▶ _Material for the task_:
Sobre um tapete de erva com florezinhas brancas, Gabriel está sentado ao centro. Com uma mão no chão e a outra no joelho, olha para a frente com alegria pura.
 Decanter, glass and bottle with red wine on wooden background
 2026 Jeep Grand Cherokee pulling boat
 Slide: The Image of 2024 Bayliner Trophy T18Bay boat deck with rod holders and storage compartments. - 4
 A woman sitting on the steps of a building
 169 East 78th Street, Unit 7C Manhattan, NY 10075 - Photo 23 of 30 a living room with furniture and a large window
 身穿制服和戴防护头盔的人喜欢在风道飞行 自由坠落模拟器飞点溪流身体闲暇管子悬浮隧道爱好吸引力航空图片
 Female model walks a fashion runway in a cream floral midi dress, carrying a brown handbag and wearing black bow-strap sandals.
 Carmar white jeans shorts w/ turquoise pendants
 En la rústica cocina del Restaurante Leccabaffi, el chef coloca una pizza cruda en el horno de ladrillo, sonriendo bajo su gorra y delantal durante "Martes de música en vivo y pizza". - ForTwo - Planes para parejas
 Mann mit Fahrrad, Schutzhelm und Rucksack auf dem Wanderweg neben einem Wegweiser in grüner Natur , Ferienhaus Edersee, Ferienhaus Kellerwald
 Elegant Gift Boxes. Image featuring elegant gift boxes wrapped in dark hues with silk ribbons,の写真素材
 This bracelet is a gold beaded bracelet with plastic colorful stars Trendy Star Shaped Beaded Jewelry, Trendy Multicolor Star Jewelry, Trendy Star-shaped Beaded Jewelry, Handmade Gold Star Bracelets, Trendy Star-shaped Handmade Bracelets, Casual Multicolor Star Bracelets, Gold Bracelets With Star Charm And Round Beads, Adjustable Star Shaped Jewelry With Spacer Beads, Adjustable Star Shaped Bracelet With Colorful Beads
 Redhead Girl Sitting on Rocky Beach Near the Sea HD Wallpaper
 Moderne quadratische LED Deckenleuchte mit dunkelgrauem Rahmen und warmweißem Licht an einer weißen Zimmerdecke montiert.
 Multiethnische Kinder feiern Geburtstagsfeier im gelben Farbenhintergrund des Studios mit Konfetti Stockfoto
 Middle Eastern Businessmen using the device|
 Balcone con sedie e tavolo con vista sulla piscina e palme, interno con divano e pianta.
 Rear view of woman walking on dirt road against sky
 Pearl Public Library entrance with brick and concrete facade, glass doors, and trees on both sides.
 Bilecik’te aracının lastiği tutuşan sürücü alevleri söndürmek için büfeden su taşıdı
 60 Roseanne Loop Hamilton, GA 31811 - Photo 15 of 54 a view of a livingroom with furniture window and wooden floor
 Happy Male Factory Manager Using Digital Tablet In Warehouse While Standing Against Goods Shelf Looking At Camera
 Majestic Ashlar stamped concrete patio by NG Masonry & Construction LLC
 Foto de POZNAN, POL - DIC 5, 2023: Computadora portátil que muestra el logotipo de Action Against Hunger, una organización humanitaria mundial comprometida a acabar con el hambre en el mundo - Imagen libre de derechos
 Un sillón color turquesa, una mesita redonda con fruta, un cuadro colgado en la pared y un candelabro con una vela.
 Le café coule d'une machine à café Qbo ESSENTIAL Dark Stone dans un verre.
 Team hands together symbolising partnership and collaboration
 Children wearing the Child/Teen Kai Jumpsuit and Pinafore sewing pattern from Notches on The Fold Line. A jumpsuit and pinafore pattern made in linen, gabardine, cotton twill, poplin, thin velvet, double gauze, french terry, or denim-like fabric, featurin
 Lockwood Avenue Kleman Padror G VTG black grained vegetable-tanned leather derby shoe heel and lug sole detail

▶ _Exercise aim_: Repeat the entries above verbatim.

▶ _Result_:
Sobre um tapete de erva com florezinhas brancas, Gabriel está sentado ao centro. Com uma mão no chão e a outra no joelho, olha para a frente com alegria pura.
 Decanter, glass and bottle with red wine on wooden background
 2026 Jeep Grand Cherokee pulling boat
 Slide: The Image of 2024 Bayliner Trophy T18Bay boat deck with rod holders and storage compartments. - 4
 A woman sitting on the steps of a building
 169 East 78th Street, Unit 7C Manhattan, NY 10075 - Photo 23 of 30 a living room with furniture and a large window
 身穿制服和戴防护头盔的人喜欢在风道飞行 自由坠落模拟器飞点溪流身体闲暇管子悬浮隧道爱好吸引力航空图片
 Female model walks a fashion runway in a cream floral midi dress, carrying a brown handbag and wearing black bow-strap sandals.
 Carmar white jeans shorts w/ turquoise pendants
 En la rústica cocina del Restaurante Leccabaffi, el chef coloca una pizza cruda en el horno de ladrillo, sonriendo bajo su gorra y delantal durante "Martes de música en vivo y pizza". - ForTwo - Planes para parejas
 Mann mit Fahrrad, Schutzhelm und Rucksack auf dem Wanderweg neben einem Wegweiser in grüner Natur , Ferienhaus Edersee, Ferienhaus Kellerwald
 Elegant Gift Boxes. Image featuring elegant gift boxes wrapped in dark hues with silk ribbons,の写真素材
 This bracelet is a gold beaded bracelet with plastic colorful stars Trendy Star Shaped Beaded Jewelry, Trendy Multicolor Star Jewelry, Trendy Star-shaped Beaded Jewelry, Handmade Gold Star Bracelets, Trendy Star-shaped Handmade Bracelets, Casual Multicolor Star Bracelets, Gold Bracelets With Star Charm And Round Beads, Adjustable Star Shaped Jewelry With Spacer Beads, Adjustable Star Shaped Bracelet With Colorful Beads
 Redhead Girl Sitting on Rocky Beach Near the Sea HD Wallpaper
 Moderne quadratische LED Deckenleuchte mit dunkelgrauem Rahmen und warmweißem Licht an einer weißen Zimmerdecke montiert.
 Multiethnische Kinder feiern Geburtstagsfeier im gelben Farbenhintergrund des Studios mit Konfetti Stockfoto
 Middle Eastern Businessmen using the device|
 Balcone con sedie e tavolo con vista sulla piscina e palme, interno con divano e pianta.
 Rear view of woman walking on dirt road against sky
 Pearl Public Library entrance with brick and concrete facade, glass doors, and trees on both sides.
 Bilecik’te aracının lastiği tutuşan sürücü alevleri söndürmek için büfeden su taşıdı
 60 Roseanne Loop Hamilton, GA 31811 - Photo 15 of 54 a view of a livingroom with furniture window and wooden floor
 Happy Male Factory Manager Using Digital Tablet In Warehouse While Standing Against Goods Shelf Looking At Camera
 Majestic Ashlar stamped concrete patio by NG Masonry & Construction LLC
 Foto de POZNAN, POL - DIC 5, 2023: Computadora portátil que muestra el logotipo de Action Against Hunger, una organización humanitaria mundial comprometida a acabar con el hambre en el mundo - Imagen libre de derechos
 Un sillón color turquesa, una mesita redonda con fruta, un cuadro colgado en la pared y un candelabro con una vela.
 Le café coule d'une machine à café Qbo ESSENTIAL Dark Stone dans un verre.
 Team hands together symbolising partnership and collaboration
 Children wearing the Child/Teen Kai Jumpsuit and Pinafore sewing pattern from Notches on The Fold Line. A jumpsuit and pinafore pattern made in linen, gabardine, cotton twill, poplin, thin velvet, double gauze, french terry, or denim-like fabric, featurin
 Lockwood Avenue Kleman Padror G VTG black grained vegetable-tanned leather derby shoe heel and lug sole detail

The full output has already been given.